Reservations in PBS pro (vs other schedulers)

Dear Wizards,

I am fishing for hints/advises for pbs-pro configuration for a cluster used for “operational production” (high-prio jobs run a set number of times per day).

Our old cluster runs a different scheduler, and we want to move to PBS pro along a “path of least resistance”. Without bending PBS pro too much - but also without having to rewrite scripts, jobs guides etc more than we have to.

My present query is related to how reservations work in PBS pro - vs how we are “used to” reservations working.
We have an operational user (“prod”), which automatically runs all the high-prio jobs. Other users submit jobs for eg. testing, development and hindcasting.

We enforce a 1.5h maximum wall time on all jobs - and since we have full control of users, no jobs will ask to get the walltime extended during run time. An “operational reservation” can be submitted more than 2 hours before it is used. In principle, this does not actually have to be implemented as a “reservation”. Anything, which will keep other users jobs away from the “reserved” nodes will do. Maybe hooks is the way to go - I don’t know PBS pro well enough to make that decision. Preferably, jobs from user prod should be able to run on any nodes - even spanning to nodes, which are not explicitly part of the “reservation”. It does not really matter how much other jobs/users are delayed in that process.

Preferably, our “job control system”, which actually submits operational jobs to the queue/scheduler, should not need to know anything about reservation queues and similar things.
On the “old system” all jobs are submitted to a single queue, i.e. there are no “reservation queues”.

Our node usage is always job-exclusive: mom are set up with “sharing = force_exclhost”. To help the scheduler, jobs are also submitted with -l place=exclhost (typically even scatter:exclhost).

Thus, basically I am looking for ways to have PBS pro “reserve” some resources/nodes in time - without creating “boundaries” for the jobs in time or space (spanning nodes).

I cannot line up all the jobs prior to the start of the “operational compute cycle”, as some jobs will depend on various external parameters - also stuff, which is unknown at the onset of the compute cycle.

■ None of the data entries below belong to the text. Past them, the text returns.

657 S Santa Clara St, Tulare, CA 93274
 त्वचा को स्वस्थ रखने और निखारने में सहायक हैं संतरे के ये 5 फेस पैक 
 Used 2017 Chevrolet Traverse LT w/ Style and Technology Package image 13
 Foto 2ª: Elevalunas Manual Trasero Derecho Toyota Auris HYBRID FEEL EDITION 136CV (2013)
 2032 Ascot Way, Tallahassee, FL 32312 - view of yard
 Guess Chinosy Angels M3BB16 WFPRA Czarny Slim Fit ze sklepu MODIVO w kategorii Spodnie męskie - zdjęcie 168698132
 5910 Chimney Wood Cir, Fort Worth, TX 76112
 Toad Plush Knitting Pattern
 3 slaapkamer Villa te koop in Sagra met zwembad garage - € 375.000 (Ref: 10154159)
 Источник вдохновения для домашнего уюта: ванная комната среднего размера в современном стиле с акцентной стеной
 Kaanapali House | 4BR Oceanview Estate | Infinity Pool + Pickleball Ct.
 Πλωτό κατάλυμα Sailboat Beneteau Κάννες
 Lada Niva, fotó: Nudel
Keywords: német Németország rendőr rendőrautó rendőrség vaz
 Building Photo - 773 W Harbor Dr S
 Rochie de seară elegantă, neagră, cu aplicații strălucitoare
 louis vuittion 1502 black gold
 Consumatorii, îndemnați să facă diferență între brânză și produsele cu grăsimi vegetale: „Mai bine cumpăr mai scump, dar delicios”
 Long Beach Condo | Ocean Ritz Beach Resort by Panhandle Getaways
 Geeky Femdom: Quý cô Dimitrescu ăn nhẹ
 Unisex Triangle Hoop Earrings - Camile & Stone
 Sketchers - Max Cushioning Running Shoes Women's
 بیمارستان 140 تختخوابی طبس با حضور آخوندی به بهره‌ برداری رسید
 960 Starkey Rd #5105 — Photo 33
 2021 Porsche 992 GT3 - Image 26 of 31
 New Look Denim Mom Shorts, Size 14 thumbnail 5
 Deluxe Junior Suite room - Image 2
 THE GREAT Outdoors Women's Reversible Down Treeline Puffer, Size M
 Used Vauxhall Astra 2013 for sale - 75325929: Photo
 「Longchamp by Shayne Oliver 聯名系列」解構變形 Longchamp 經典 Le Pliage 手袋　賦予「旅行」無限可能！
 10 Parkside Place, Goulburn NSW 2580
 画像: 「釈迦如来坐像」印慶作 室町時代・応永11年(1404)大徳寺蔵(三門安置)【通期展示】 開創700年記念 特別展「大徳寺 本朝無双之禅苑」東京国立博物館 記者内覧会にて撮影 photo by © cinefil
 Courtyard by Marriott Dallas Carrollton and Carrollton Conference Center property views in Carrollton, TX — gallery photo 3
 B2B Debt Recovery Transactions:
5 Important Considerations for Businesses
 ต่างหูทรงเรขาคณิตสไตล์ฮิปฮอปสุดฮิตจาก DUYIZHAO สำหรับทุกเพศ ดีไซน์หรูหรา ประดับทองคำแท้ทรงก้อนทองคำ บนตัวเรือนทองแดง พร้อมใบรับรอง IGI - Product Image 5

Also, it is quite normal, that there may be a few minutes at a time, where the queue is seemingly empty of operational jobs, and it is important that the scheduler does not start low-priority jobs at these times. It is also normal, that some operational jobs may start “ahead of time” - as soon as they are ready to go, rather than waiting for the onset of the reservation.

If I use what seems to be the standard reservation in PBS pro (pbs_rsub), then apparently I must submit (or move) jobs to the reservation queue in order to use the reservation. Also, jobs cannot start before the reservation onset - and continue to run while the reservation becomes active. Although this is a smaller issue for us, jobs also seemingly cannot span reserved and non-reserved hosts.

Are there any commonly used / well-known ways to reserve resources in a “transparent to the jobs” way? A good way to do this would help me a lot in porting to PBS pro.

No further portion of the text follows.